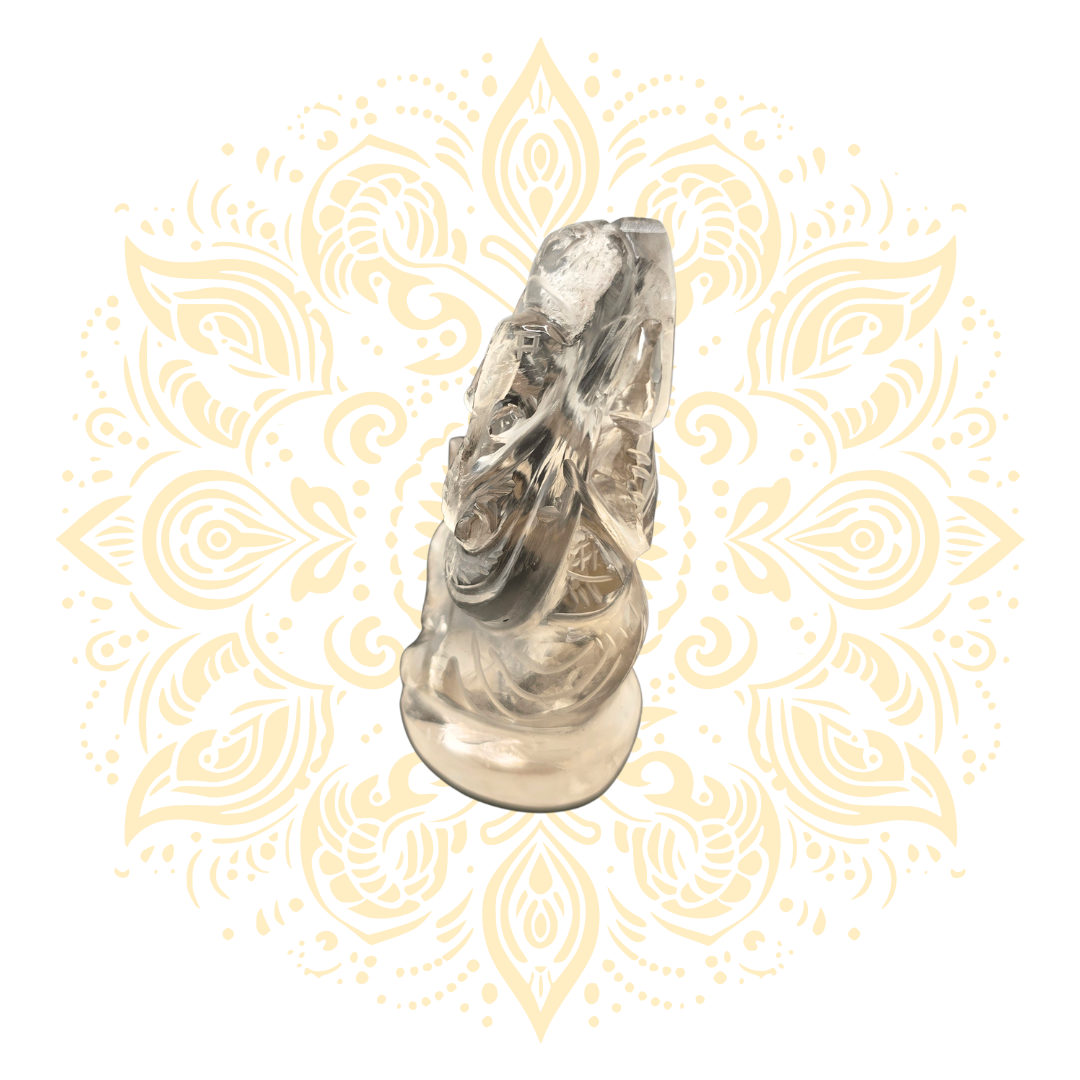 Hand Carved Clear Quartz Ganesh Murti - Matchless Gifts5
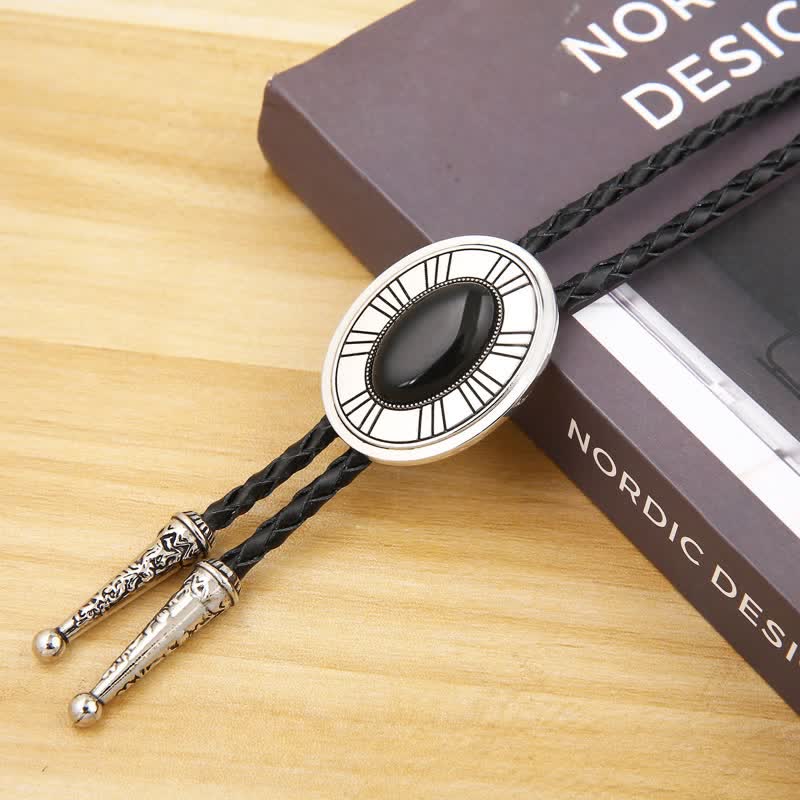 Oval Natural Agate Stone Medallion Bolo Tie - image 8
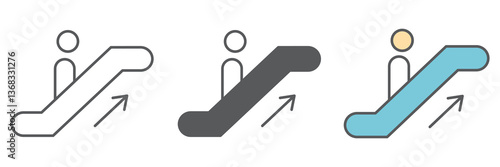 Escalator up icon collection, information and airport, man on escalator vector icon set, vector graphics, editable stroke outline sign, eps 10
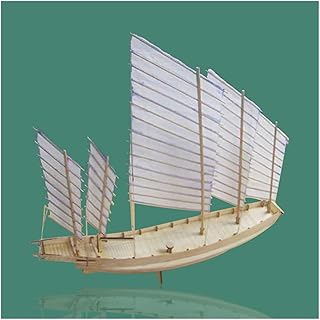 Lllunimon 1/80 Chinese Sand Boat Wooden Assembly Model Kit DIY Handmade Antique Ship Model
● ● ●
• WORK TASK
Copy all the lines of data exactly as they appear, dropping any images.

• TASK SOLUTION
 Hand Carved Clear Quartz Ganesh Murti - Matchless Gifts5
 Oval Natural Agate Stone Medallion Bolo Tie - image 8
 Escalator up icon collection, information and airport, man on escalator vector icon set, vector graphics, editable stroke outline sign, eps 10
 Lllunimon 1/80 Chinese Sand Boat Wooden Assembly Model Kit DIY Handmade Antique Ship Model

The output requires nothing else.